Thanks, there is one more problem, is there any Edit text in this forum for changing some text in my example?
@ASiDesigner — If you have a new question then you should ask a new question and not edit an old one.
2

It's doing that because it's how dev tools handles multiple occurrences of the same value for the purposes of clarity.

You can use an array to achieve the effect you're after. Also note that we change j<i to j<= so that it outputs on the 5th.

Then, we use the .join('') method to flatten the array into a string.

Also, since we are console.logging on every iteration loop, a new line will be added automatically as it's one log per loop.

var n = 5;
for (i = 0; i < n; i++) {
  var arr = [];
  for (j = 0; j <= i; j++) {

    arr.push('*');

  }
  console.log(arr.join(''));
}

Please note that you wouldn't need an array if you were printing this into the DOM - it would work as you originally intended it to do.

Update: Ivar made a great solution as well and that's to use the String.repeat() function which only requires you to use one loop.

var n = 5;
for (i = 1; i <= n; i++) {
  var str = '*';
  str = str.repeat(i);
  console.log(str);
}

2 Comments

In this case you could also use the String.repeat().
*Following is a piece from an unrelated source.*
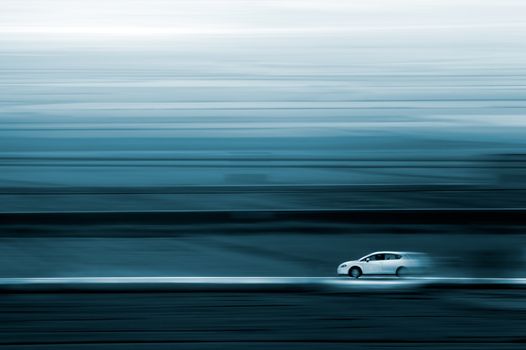 Abstract image of a car and speed in blue toned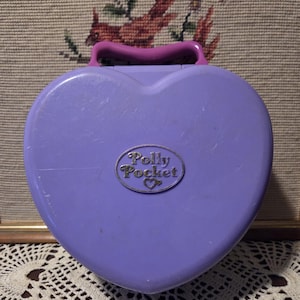 May include: A vintage Polly Pocket compact in a heart shape, lavender in color, with a matching handle. The compact features a silver oval emblem with the words "Polly Pocket" and a heart symbol. A nostalgic toy.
In that case you only need one loop.
@Ivar Great addition - I've added it to my answer.
2

Because that's the way it works, basically. Each call to console.log outputs a new log entry. Each log entry is in its own line.

If you log the same string multiple times, they will get summarized into one entry with the count in front.

Don't mistake console.log with Console.Write in C# or similar. It's more like Console.WriteLine.

2 Comments

So how to overcome this? should I do it in a string object and dump the string to the console?